“Europa muss Erdogans Machtphantasien bremsen.” Der so überschriebene Kommentar von Markus Bernath in der “NZZ am Sonntag” vom 29.12.19 (S. 15) mündet in die Sätze: “Dem Staatschef geht es um das Wiederaufleben des Osmanischen Reichs. Der Traum der türkischen Nationalisten vom Zugriff auf Syrien, Zypern, die Ägäis und Libyen bedeutet nur mehr Instabilität an Europas Grenzen. Aussenpolitisch aktiver werden und Rüstungslieferungen an die Türkei stoppen wäre angezeigt.”
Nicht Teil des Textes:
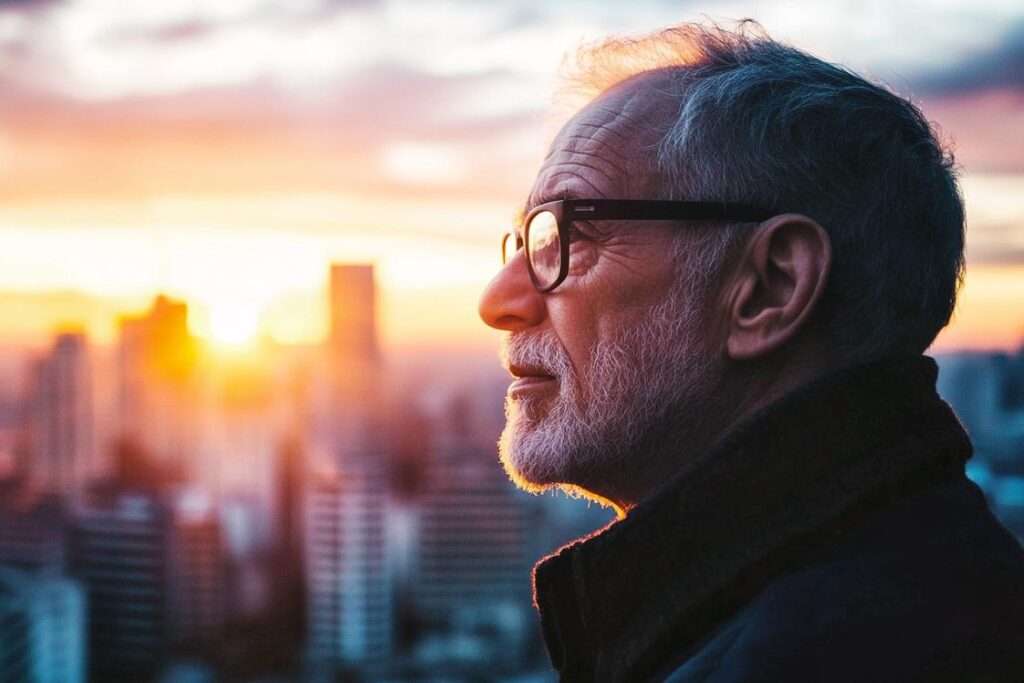 an old man wearing glasses has white beard looking in a distant place with a city in the background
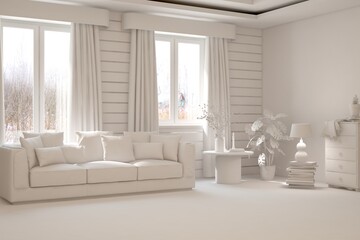 White living room with sofa and winter landscape in window. Scandinavian interior design. 3D illustration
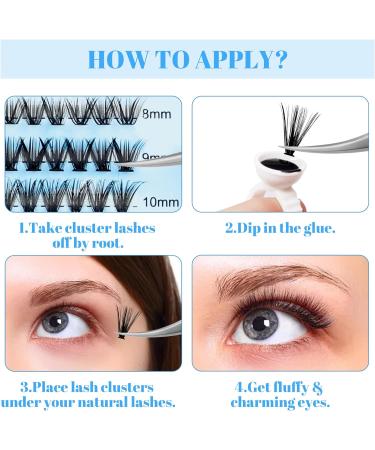 GEMERRY Cluster Lashes Kit: 240Pcs DIY D Curl 8-16mm Eyelash Extension Set with Bond, Seal, Glue Remover, Tweezers - B-KIT 30D+40D-0.07D - Buy Online on GoSupps.com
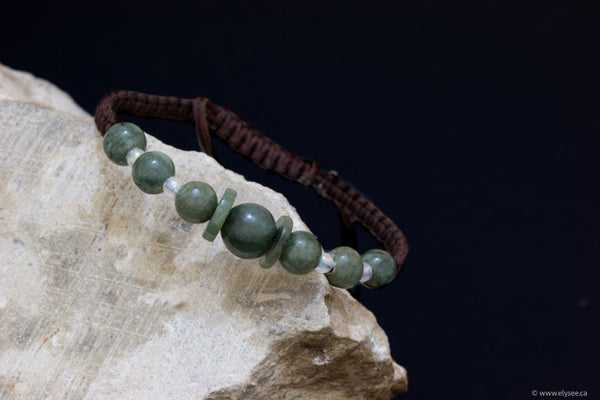 Handwoven green or brown jade bracelets from Myanmar available at Montreal jeweller www.elysee.ca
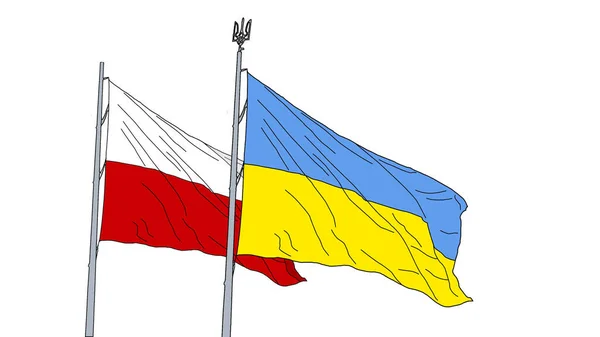 Flagi narodowe Ukrainy i flagi Polski — Zdjęcie stockowe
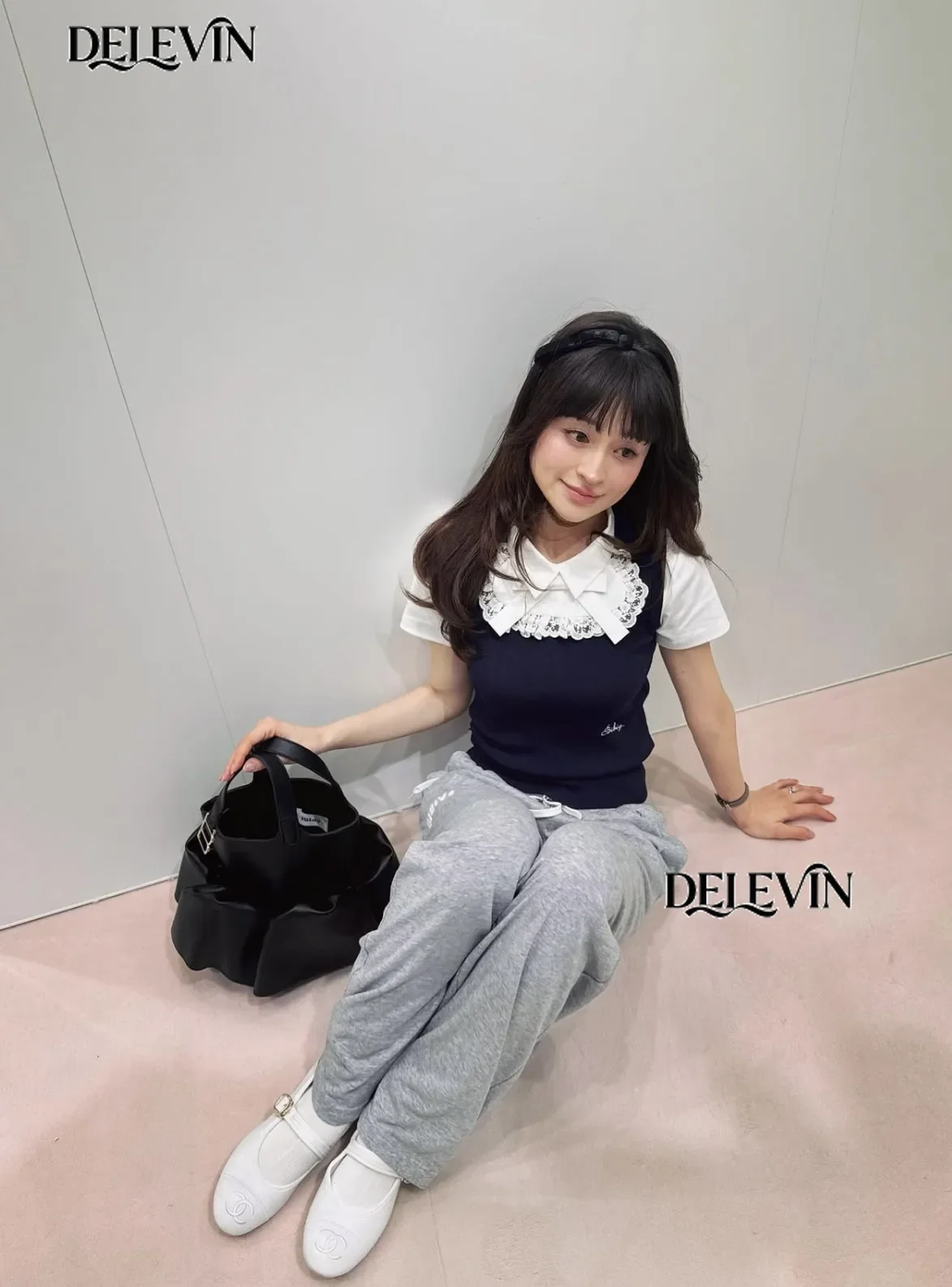 Japanese Style Sweet Lace Stitching Black Women T-Shirts Summer New 2026 Slimming Fashion Casual Tops Cute Short Sleeve Tshirt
Gehen wir richtig, wenn wir annehmen, dass die Schweiz hier mit “Europa” nicht mitgemeint ist? Aber wenn doch, scheint offen zu bleiben, in welcher Weise.
Es entspricht einer langen Tradition, dass das publizistische Flaggschiff des Deutschschweizer Bürgertums (seit der Gründung der “NZZ am Sonntag” sind es zwei Schwesterschiffe) das militärisch und politisch integrierte Europa (NATO; EWG, EG, EU) zu härterer Führung von Konflikten auffordert. Man mag jeweils damit einverstanden sein oder nicht, aber es ist nichts dagegen einzuwenden, dass solche Meinungen vertreten werden. Die Schweiz hat mit Recht immer abgelehnt, zu Gesinnungsneutralität verpflichtet zu sein oder gar ihre Bürger und Bürgerinnen dazu anzuhalten.
Nur wäre wünschenswert, dass jeweils auch ein zweiter Schritt getan würde: Mindestens ein Versuch der Analyse und des Vorschlags, was dies für die schweizerische Aussenpolitik und für die Entwicklung der Sicherheitslage unseres Landes bedeutet.
Die Schweiz hat sich beeindruckend schlau aus den europäischen und globalen Konflikten herausgehalten. Und die Geschichte und Europa sind mit der Schweiz sehr pfleglich umgegangen -wenn zum Beispiel nach dem Zweiten Weltkrieg die Schweizer Wirtschaft unversehrt den Wettbewerb mit den zerbombten Konkurrentenländern führen konnte.
Man sollte nicht für selbstverständlich nehmen, dass das für alle Zeiten garantiert ist. Bemühen wir uns wenigstens, weiterhin schlau zu sein.